And those Asian gaming machines might be running 64-bit and are newer hardware according to the steam survey I cited (and according to the sources I cited are available for 1000 computers for $15).
Gaming machines are certainly going to be newer than many light-usage home machines (web + email generally). I don't know what cafe machines are like.
I also think gaming machines are likely to be running newer software better maintained, less frequently used for random crap on the Internet (no time since the gamers are spending 20 hours a day gaming). So in general less likely to become part of a botnet. This does not mean that no gaming machines are part of botnets, but the number is likely quite small, relatively speaking.
If the number is not small, then why are GPU-mined coins allegedly not overrun by botnets, and the why is the problem of botnets attached to CPU-mined coins?
You ignored my main point which is the 50% attack but rather disproportionate concentration of the ownership of the coin.

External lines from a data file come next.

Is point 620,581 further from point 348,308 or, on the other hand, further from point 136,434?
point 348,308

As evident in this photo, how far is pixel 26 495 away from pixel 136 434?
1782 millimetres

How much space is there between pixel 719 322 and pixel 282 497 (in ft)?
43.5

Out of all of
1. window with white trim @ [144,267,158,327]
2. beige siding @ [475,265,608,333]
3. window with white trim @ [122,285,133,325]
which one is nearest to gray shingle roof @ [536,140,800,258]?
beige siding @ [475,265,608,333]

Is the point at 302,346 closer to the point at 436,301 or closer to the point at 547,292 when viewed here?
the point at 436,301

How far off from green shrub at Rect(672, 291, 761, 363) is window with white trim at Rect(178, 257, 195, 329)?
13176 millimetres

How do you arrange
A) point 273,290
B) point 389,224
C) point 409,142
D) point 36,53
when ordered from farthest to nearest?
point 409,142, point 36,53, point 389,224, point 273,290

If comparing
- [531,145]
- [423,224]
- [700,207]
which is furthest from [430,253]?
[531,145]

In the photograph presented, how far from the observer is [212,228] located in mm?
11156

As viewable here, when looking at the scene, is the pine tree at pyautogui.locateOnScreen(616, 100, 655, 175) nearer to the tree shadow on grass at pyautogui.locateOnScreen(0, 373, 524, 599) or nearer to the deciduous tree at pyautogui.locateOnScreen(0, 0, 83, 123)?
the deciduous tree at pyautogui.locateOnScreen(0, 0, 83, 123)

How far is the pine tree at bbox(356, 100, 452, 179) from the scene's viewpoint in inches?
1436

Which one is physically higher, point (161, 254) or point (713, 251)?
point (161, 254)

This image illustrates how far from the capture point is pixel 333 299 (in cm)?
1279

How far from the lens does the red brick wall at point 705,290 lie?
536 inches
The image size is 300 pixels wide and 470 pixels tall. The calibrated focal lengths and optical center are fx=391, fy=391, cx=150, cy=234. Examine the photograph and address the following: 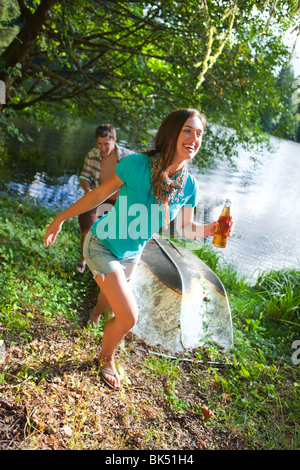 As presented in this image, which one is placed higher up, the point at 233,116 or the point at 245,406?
the point at 233,116

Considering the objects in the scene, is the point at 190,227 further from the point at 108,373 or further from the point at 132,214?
the point at 108,373

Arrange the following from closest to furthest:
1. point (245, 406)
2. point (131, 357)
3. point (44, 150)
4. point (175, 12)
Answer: point (245, 406) → point (131, 357) → point (175, 12) → point (44, 150)

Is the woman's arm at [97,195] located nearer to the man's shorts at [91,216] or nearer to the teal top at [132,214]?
the teal top at [132,214]

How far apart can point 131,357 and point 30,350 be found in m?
1.04

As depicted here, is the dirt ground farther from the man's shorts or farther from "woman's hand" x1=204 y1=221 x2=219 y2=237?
the man's shorts

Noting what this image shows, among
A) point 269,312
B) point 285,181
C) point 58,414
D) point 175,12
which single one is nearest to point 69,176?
point 175,12

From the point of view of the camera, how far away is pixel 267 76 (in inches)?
356

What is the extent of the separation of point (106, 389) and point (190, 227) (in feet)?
4.95

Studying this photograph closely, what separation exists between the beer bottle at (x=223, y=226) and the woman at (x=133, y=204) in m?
0.45

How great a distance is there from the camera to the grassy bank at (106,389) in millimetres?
2605

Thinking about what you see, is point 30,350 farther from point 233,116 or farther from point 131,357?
point 233,116

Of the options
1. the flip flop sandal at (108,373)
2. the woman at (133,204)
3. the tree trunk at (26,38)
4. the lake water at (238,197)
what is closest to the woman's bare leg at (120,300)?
the woman at (133,204)

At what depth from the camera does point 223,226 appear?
3301 millimetres

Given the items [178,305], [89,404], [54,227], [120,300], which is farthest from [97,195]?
[178,305] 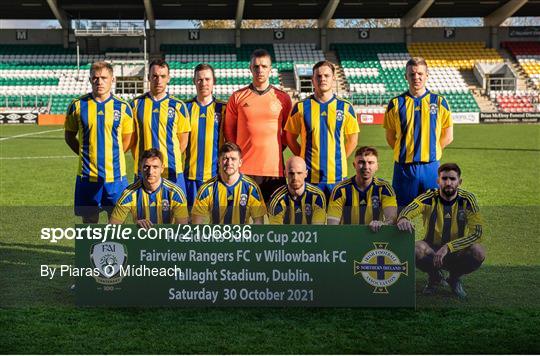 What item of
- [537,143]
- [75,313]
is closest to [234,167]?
[75,313]

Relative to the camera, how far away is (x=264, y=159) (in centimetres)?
493

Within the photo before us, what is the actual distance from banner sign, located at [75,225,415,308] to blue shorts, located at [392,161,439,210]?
1.38 metres

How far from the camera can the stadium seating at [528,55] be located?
111 feet

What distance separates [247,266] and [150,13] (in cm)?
2930

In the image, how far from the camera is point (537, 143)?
57.4 ft

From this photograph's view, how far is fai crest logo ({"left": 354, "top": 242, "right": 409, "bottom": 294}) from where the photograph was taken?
12.7ft

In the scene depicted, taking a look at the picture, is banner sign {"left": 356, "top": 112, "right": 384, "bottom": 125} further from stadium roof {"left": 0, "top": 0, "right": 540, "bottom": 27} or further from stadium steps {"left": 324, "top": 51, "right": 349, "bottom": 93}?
stadium roof {"left": 0, "top": 0, "right": 540, "bottom": 27}

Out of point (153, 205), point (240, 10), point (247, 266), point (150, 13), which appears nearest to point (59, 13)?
point (150, 13)

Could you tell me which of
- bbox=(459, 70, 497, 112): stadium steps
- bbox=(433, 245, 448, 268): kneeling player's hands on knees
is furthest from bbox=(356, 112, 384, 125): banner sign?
bbox=(433, 245, 448, 268): kneeling player's hands on knees

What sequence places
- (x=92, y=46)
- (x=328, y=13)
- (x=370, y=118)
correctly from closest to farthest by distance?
(x=370, y=118), (x=328, y=13), (x=92, y=46)

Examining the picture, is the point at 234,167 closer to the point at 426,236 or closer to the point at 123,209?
the point at 123,209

I don't agree with it. I expect the fairly frictionless marketplace to sort out to more or less the same ownership as would otherwise exist. People who value the coin more will buy it, and the botnet owner
who already owns a valuable asset, the botnet will sell it for whatever he values most, giving him a return on his asset.
You don't like to entertain any possibilities that would cause you to make the conclusion that Monero is flawed.
I am pretty sure it is flawed. I don't care. Everything is flawed. If you mandate perfection, you spend years contemplating everything and delivering nothing.
I prefer to deliver something that
might work, and then see if it does. The world is complex and chaotic enough that I don't believe this is knowable without real world experience.
How much effort have you done to investigate the botnets?
How much effort have you applied to investigating my points about your proof-of-work?
None. As a volunteer I work on things that interest me. Neither of those interest me particularly.